Algoritmo o libero arbitrio?
Oggi il grande dilemma è quello di comprendere dove finisce la nostra capacità di scelta e dove inizia la “manipolazione”. Se da una parte gli algoritmi ci semplificano la vita, dall’altra rischiano di renderci passivi. Questo provoca delle conseguenze sempre più radicate nella nostra società:
- Smettiamo di esplorare attivamente.
- Ci fidiamo ciecamente di ciò che ci viene mostrato.
- Perdiamo la capacità di distinguere tra ciò che desideriamo veramente e ciò che ci viene imposto.
Come possiamo reagire?
- Comprendere gli algoritmi ed sviluppare consapevolezza.
- Cercare contenuti fuori dalla nostra zona di comfort, spezzando le abitudini.
- Scegliere attivamente quanto tempo impiegare online e non lasciarci guidare passivamente.
Conclusione
Gli algoritmi sono strumenti potenti, ma il loro impatto sulla nostra vita dipende da come li utilizziamo. La prossima volta che scorri il feed di un social o scegli una serie da guardare, chiediti: “Sto davvero scoprendo qualcosa di nuovo o sto solo seguendo il percorso che qualcun altro ha deciso per me?”. La risposta potrebbe sorprenderti.
Approfondimenti:
- Mozilla Foundation. (2021). “YouTube Regrets”: A crowdsourced investigation into YouTube’s recommendation algorithm.

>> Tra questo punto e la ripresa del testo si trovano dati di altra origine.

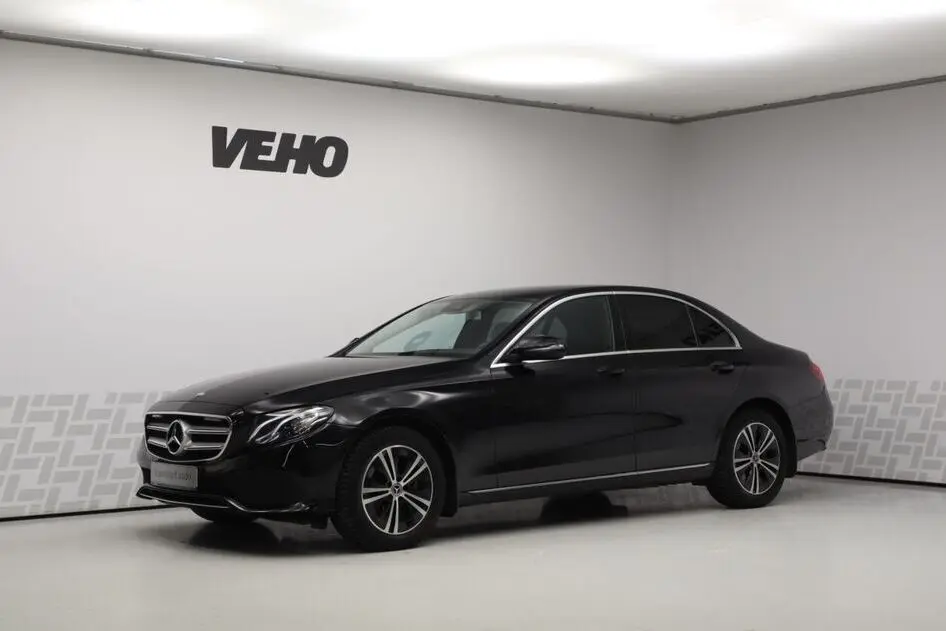 Mercedes-Benz E 220, 2.0, 143 kW, diesel, automatic, four-wheel drive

- Petrescu, M., Krishen, A.S. The dilemma of social media algorithms and analytics. J Market Anal 8, 187–188 (2020). https://doi.org/10.1057/s41270-020-00094-4
- Ross Arguedas, A., Robertson, C., Fletcher, R., & Nielsen, R. (2022). Echo chambers, filter bubbles, and polarisation: a literature review . Reuters Institute for the Study of Journalism.
- The Social Dilemma. (2020). Netflix.